======== MATERIAL PROVIDED ========
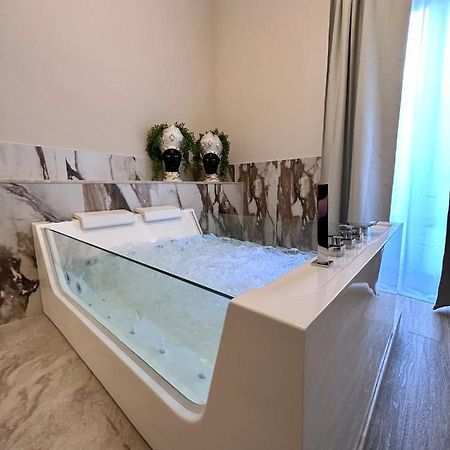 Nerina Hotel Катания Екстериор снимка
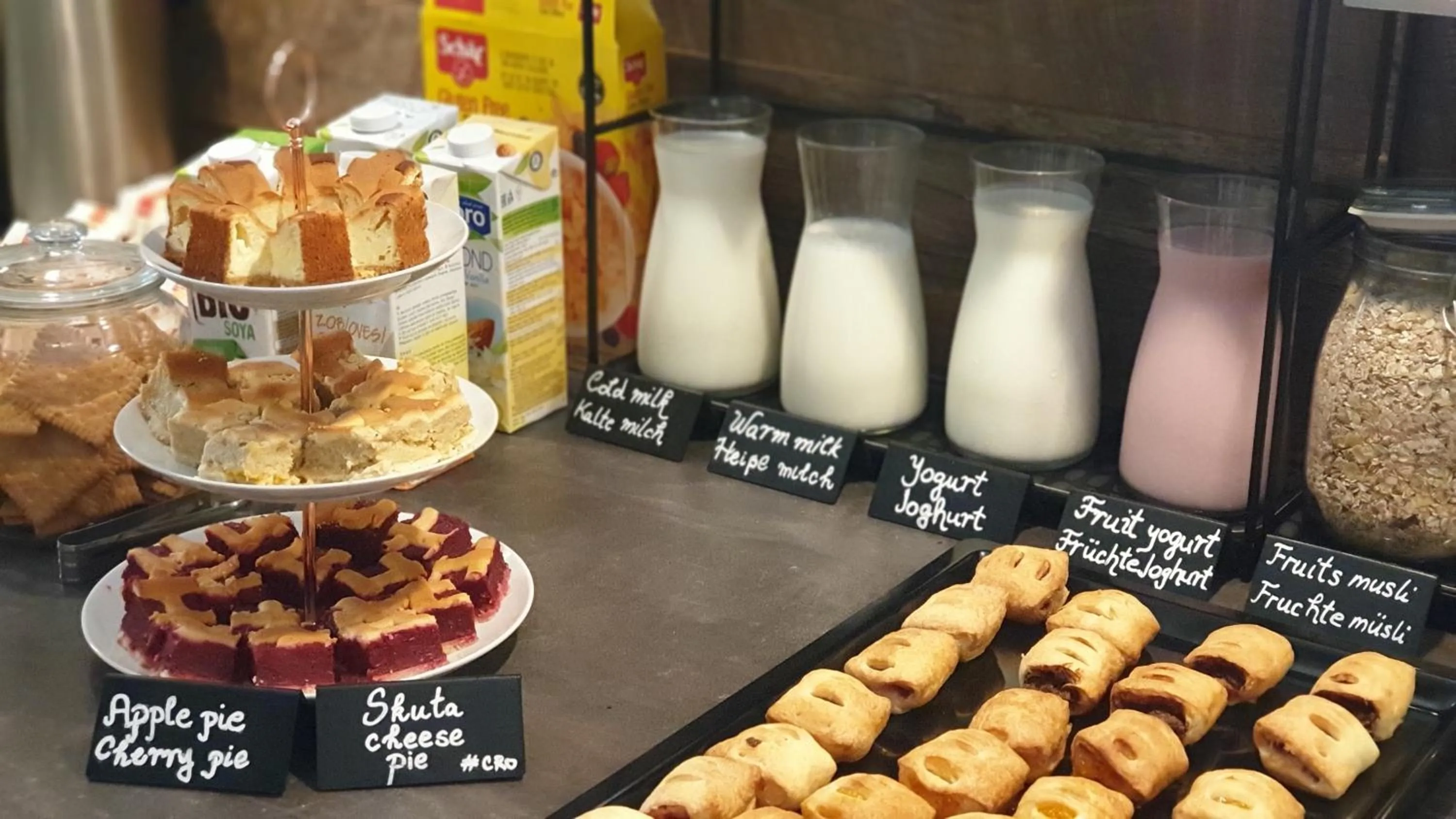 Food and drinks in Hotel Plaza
========
======== MATERIAL PROVIDED ========
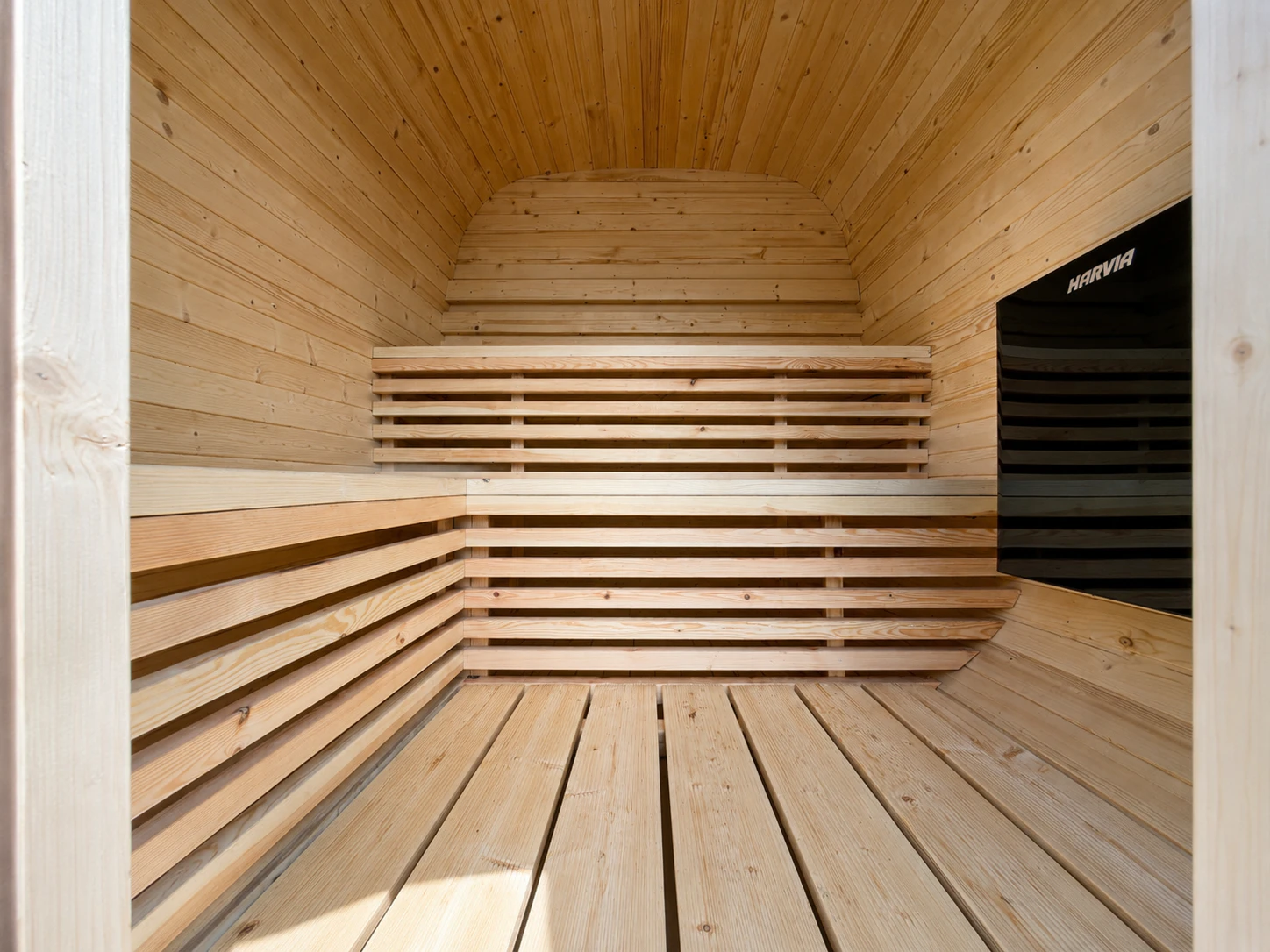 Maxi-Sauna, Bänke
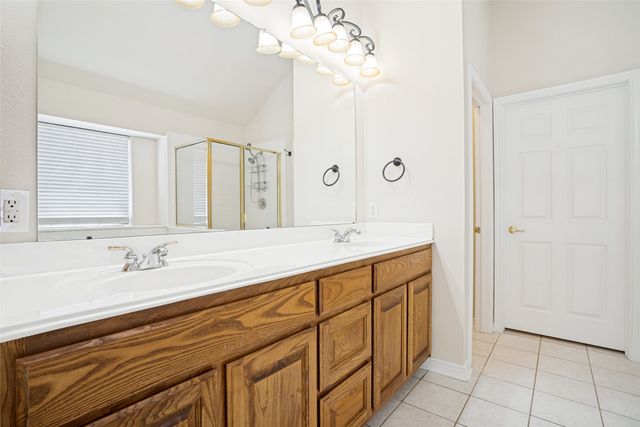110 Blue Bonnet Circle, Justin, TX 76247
========
======== MATERIAL PROVIDED ========
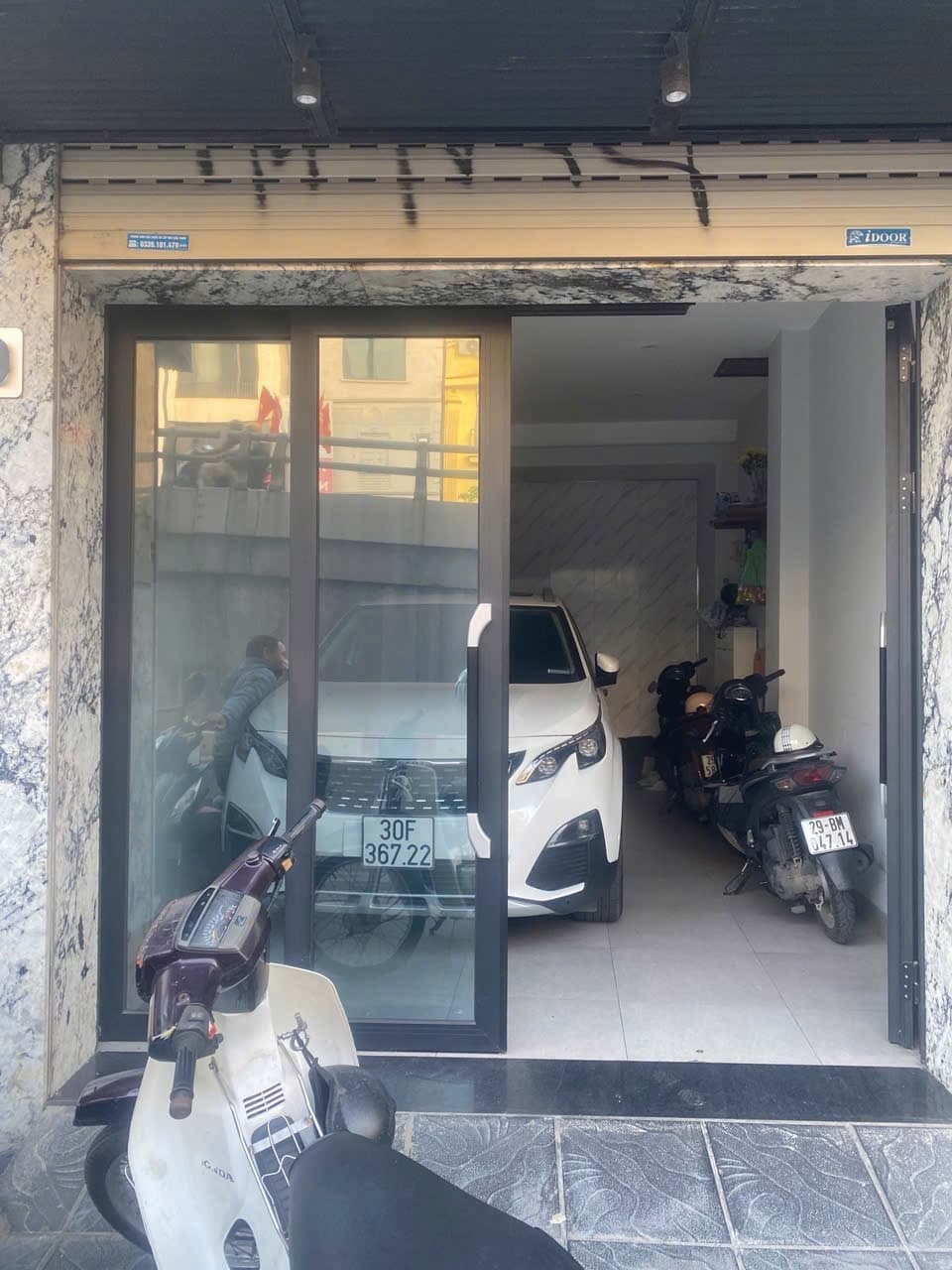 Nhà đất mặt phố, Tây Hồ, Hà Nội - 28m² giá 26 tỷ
========
— EXERCISE PROMPT —
In the listing above, find the line with "Maxi-Sauna, Bänke" and the line with "110 Blue Bonnet Circle, Justin, TX 76247". Set down exactly those lines and everything between them, skipping pictures.

— RESULT —
 Maxi-Sauna, Bänke
110 Blue Bonnet Circle, Justin, TX 76247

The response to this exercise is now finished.